The Rise of Beanless Coffee: How Alternative Coffee Can Save You Money and the Environment

Daniel Kim | 2026.04.09

    As the healthy pleasure trend spreads, analysts expect the alternative-coffee market to grow after decaf. / Image created by generative AI
  As the healthy pleasure trend spreads, analysts expect the alternative-coffee market to grow after decaf. / Image created by generative AI

SisaWeek — Reporter Kim Ji-young As decaf becomes a standard option, fully caffeine-free alternative coffees are starting to steal the spotlight.

With wellness-first living fueling a \"healthy pleasure\" vibe, decaf is now easy to find at most cafés. But decaf—made by removing the bulk of caffeine from green beans before roasting—still contains some caffeine. That means people can still experience side effects like sleeplessness or heart palpitations after drinking it. Those concerns are helping drive interest in truly caffeine-free alternatives.

According to the Korea Customs Service and the Korea Origin Information Service, the global alternative-coffee market was about 3.49 trillion KRW in 2022 (about 2.7 billion USD) and, at an annual growth rate of 8.9%, is projected to reach roughly 6.85 trillion KRW by 2030 (about 5.3 billion USD).

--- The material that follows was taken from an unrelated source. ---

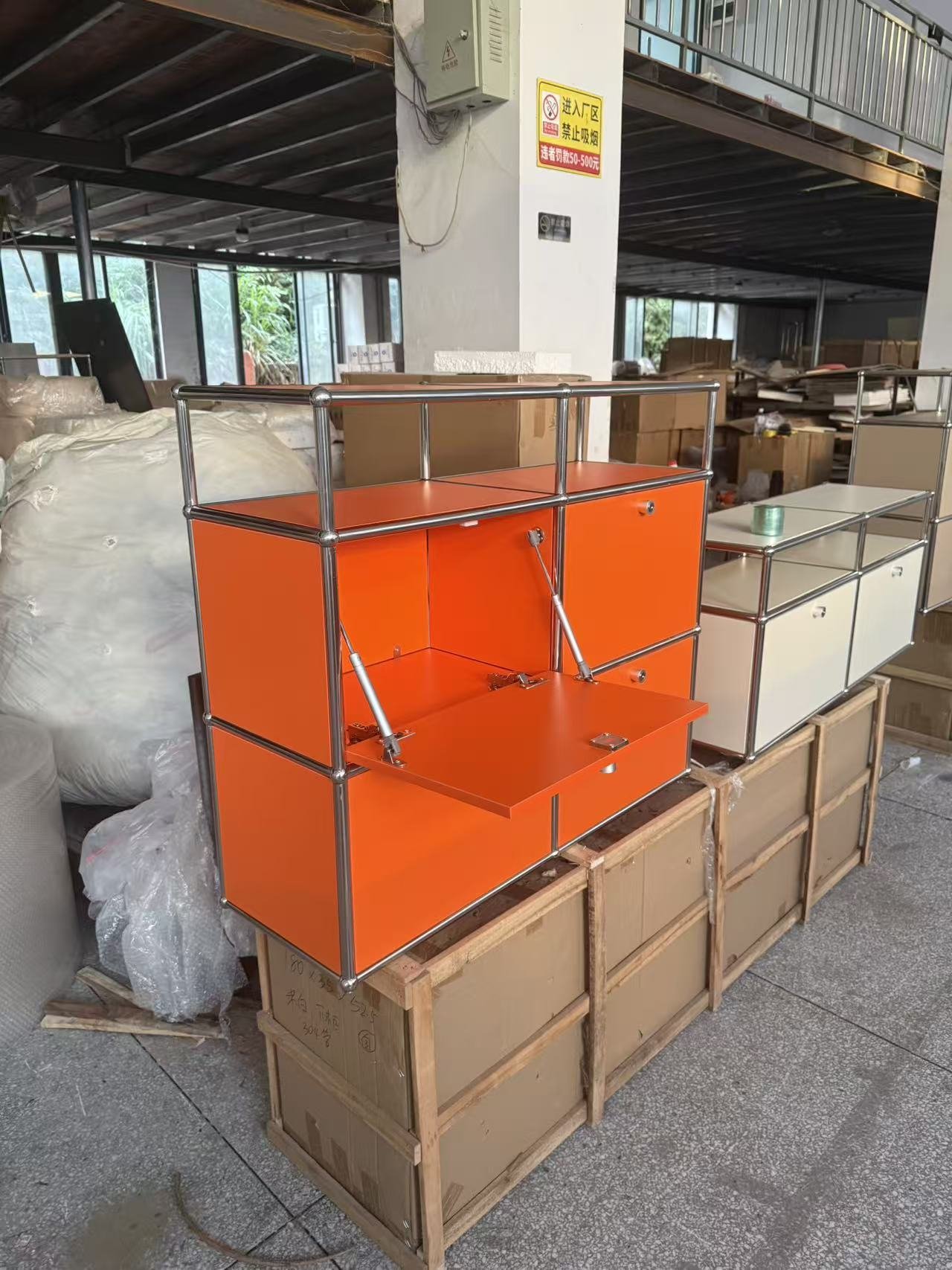 USM Haller cabinet orange replica dupe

◇ Chicory coffee even Napoleon drank — and why it's greener

The roots of alternative coffee go back around 200 years. In the early 19th century, Napoleon’s 1806 continental blockade cut off France’s coffee bean imports from Britain. To replace coffee, people roasted and brewed chicory root—what we now recognize as an early form of alternative coffee. Today, chicory joins barley (orzo), dandelion root and other plants as common bases for beanless brews.

Because alternative coffee doesn’t use coffee beans, it’s often called \"beanless coffee,\" and its environmental footprint can be smaller than that of traditional coffee. To maximize profits, coffee farms have cleared other trees in tropical forests to plant more coffee trees. Climate studies also warn that rising global temperatures could shrink suitable coffee-growing areas by more than half by 2050.

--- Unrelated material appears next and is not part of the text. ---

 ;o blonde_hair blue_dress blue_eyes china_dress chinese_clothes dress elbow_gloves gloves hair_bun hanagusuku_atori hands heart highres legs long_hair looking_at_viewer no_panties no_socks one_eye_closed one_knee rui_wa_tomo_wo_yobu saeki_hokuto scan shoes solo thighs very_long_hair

The coffee industry is already feeling the strain. After Vietnam’s 2023 drought and Brazil’s severe droughts and heavy rains in 2024—Brazil is the world’s top coffee producer—green-bean prices spiked the following year. According to the Korea Agro-Fisheries & Food Trade Corporation (aT), arabica and robusta green-bean prices that were $4,152 and $3,134 per metric ton in February 2024 rose to $8,397 and $5,534 per metric ton by February 2025—year-over-year increases of about 102% and 77%, respectively.

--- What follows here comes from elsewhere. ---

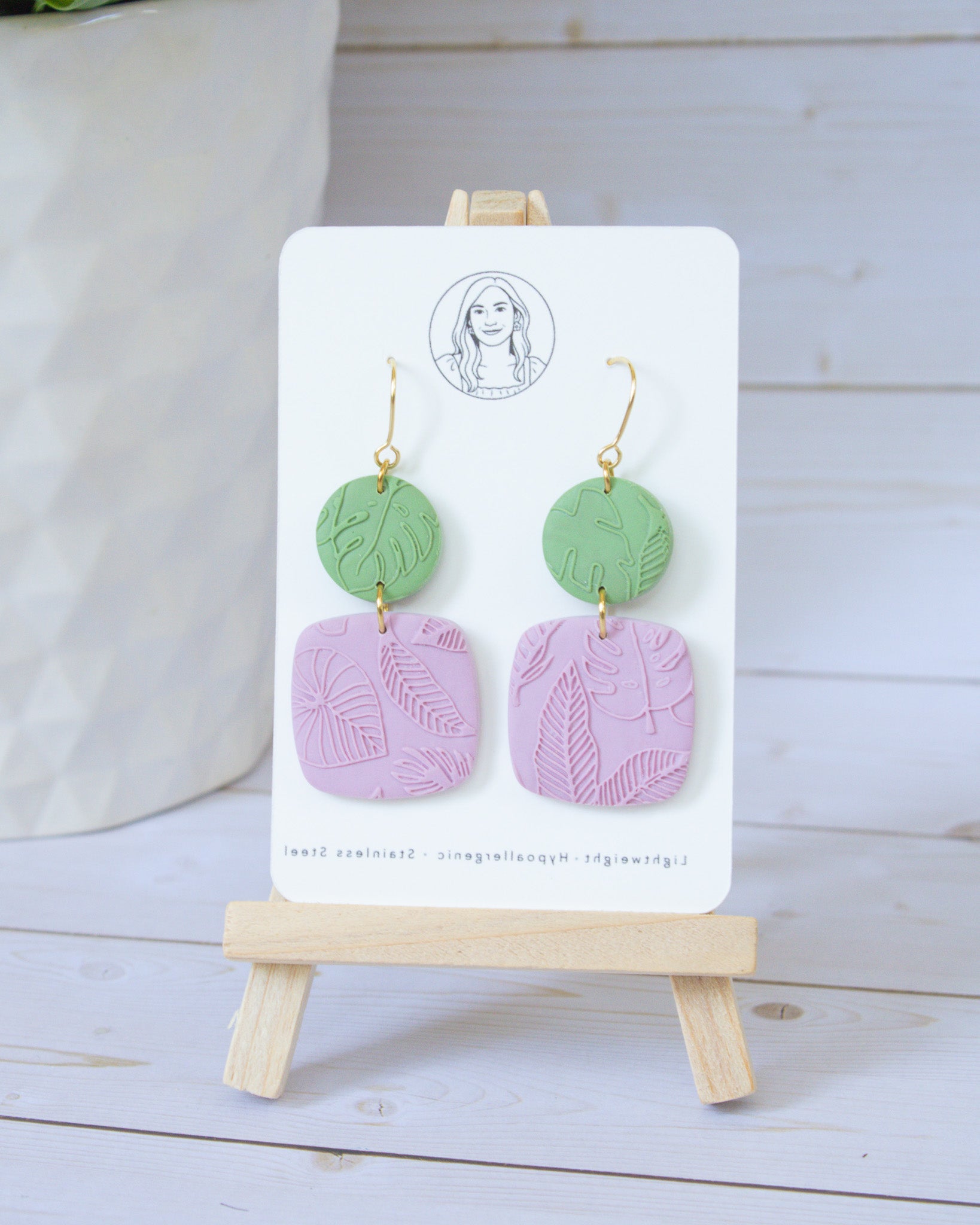 SS14 Tropical Leaf Teardrop Earrings | Everyday Statement Earrings | Lightweight Polymer Clay | Gifts for Her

◇ Alternative coffee moves from specialty brands into café menus

    As in early-19th-century France, demand for coffee may not disappear but shift to substitutes. / Pixabay
  As in early-19th-century France, demand for coffee may not disappear but shift to substitutes. / Pixabay

Climate extremes like Brazil’s multi-year drought are expected to become more frequent, keeping bean supplies unstable and prices elevated. Just as in early-19th-century France, consumers' thirst for a coffee-like experience may simply move toward substitutes.

Euromonitor reports that South Korea’s per-capita coffee consumption was 405 cups in 2023—about 2.7 times the global average of 152 cups—suggesting strong potential for alternative-coffee growth at home.

Reflecting that opportunity, SANS, an alternative-coffee brand launched in 2023, began serving its products at a flagship store and pop-ups in Ikseon-dong, Jongno-gu, Seoul, in 2024. SANS uses ingredients like date-palm seeds, barley and chicory root and applies fermentation techniques to recreate coffee-like aromas and flavors.

In early February, Direct Coffee—the country’s first unmanned café chain—added alternative-coffee drinks like the \"Chicorycino\" and \"Chicory Latte\" to its regular menu.

Retailers are getting in on it, too. In January, tea brand TEAZEN launched \"TEAZEN Caffè Orzo,\" an alternative coffee made from barley. Last September, Binggrae announced an online-only ready-to-drink called \"Chicory Brew Black.\"

Lee Jong-woo, a professor of distribution marketing at Namseoul University, said, \"For alternative coffee to succeed as a café beverage, it’s not enough to mimic coffee’s flavor—producers also need to persuade consumers why ingredients that differ from coffee beans can justify prices similar to regular coffee.\"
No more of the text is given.